I am thinking of switching to the valvoline 5w40 or havoline 5w40, should I?


----------



## xxdizankxx (Jun 26, 2003)

Why not switch to Mobil 1 5w40?


----------



## JoeVeeDubber (Mar 15, 2002)

*Re: What's the difference between 5w30 and 5w40? (sula89)*

I run what the owner's manual tells me to run and the particular brand that I use is LUBRO MOLY. I figure a german car should use german oil







. 
But to answer your question about whats the difference, 5w30 is a thinner oil than 5w40, hence it will provide a thinner coating on the metal in your engine. Engine builder's spec certain oil becuase engines have certain tolerances when they are built. Some have big tolerances, some have small. Most newer car engines have realllly tight tolerances and that's why you see them using really light weight oils, sometimes like 5w20 even. Whereas older engines, like the one in my 1990 VANAGON use 20W50 oil since they have larger tolerances. Back to your situation, I've seen plenty of people run 5w30 with no problems, you might even get a few extra horsepower with the lighter oil since it is easier to pump and slosh around in. Climate is also a factor in picking an oil, you basically want an oil that will cover your climate range, extremes of hot and cold. As for me, I think using 5w40 will prolong the life of my engine, since it is what the engineers spec for the 1.8T. Oil is a touchy issue, do a search on oil and you'll find plenty of topics. 
Edited: for typos, ha, I type too fast...

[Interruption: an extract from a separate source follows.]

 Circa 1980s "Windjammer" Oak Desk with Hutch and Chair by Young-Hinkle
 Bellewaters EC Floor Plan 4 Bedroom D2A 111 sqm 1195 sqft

_Modified by JoeVeeDubber at 10:14 AM 4-20-2004_


----------



## v double u (Jan 6, 2004)

*Re: What's the difference between 5w30 and 5w40? (JettaManDan)*


_Quote, originally posted by *JettaManDan* »_NAPA - Part # 966 - Valvoline Synpower 5w-40 synthetic 

Same here. http://****************.com/smile/emthup.gif


----------



## xxdizankxx (Jun 26, 2003)

*Re: What's the difference between 5w30 and 5w40? (JoeVeeDubber)*


_Quote, originally posted by *JoeVeeDubber* »_I run what the owner's manual tells me to run and the particular brand that I use is LUBRO MOLY. I figure a german car should use german oil







. 
But to answer your question about whats the difference, 5w30 is a thinner oil than 5w40, hence it will provide a thinner coating on the metal in your engine. Engine builder's spec certain oil becuase engines have certain tolerances when they are built. Some have big tolerances, some have small. Most newer car engines have realllly tight tolerances and that's why you see them using really light weight oils, sometimes like 5w20 even. Whereas older engines, like the one in my 1990 VANAGON use 20W50 oil since they have larger tolerances. Back to your situation, I've seen plenty of people run 5w30 with no problems, you might even get a few extra horsepower with the lighter oil since it is easier to pump and slosh around in. Climate is also a factor in picking an oil, you basically want an oil that will cover your climate range, extremes of hot and cold. As for me, I think using 5w40 will prolong the life of my engine, since it is what the engineers spec for the 1.8T. Oil is a touchy issue, do a search on oil and you'll find plenty of topics. 
Edited: for typos, ha, I type too fast...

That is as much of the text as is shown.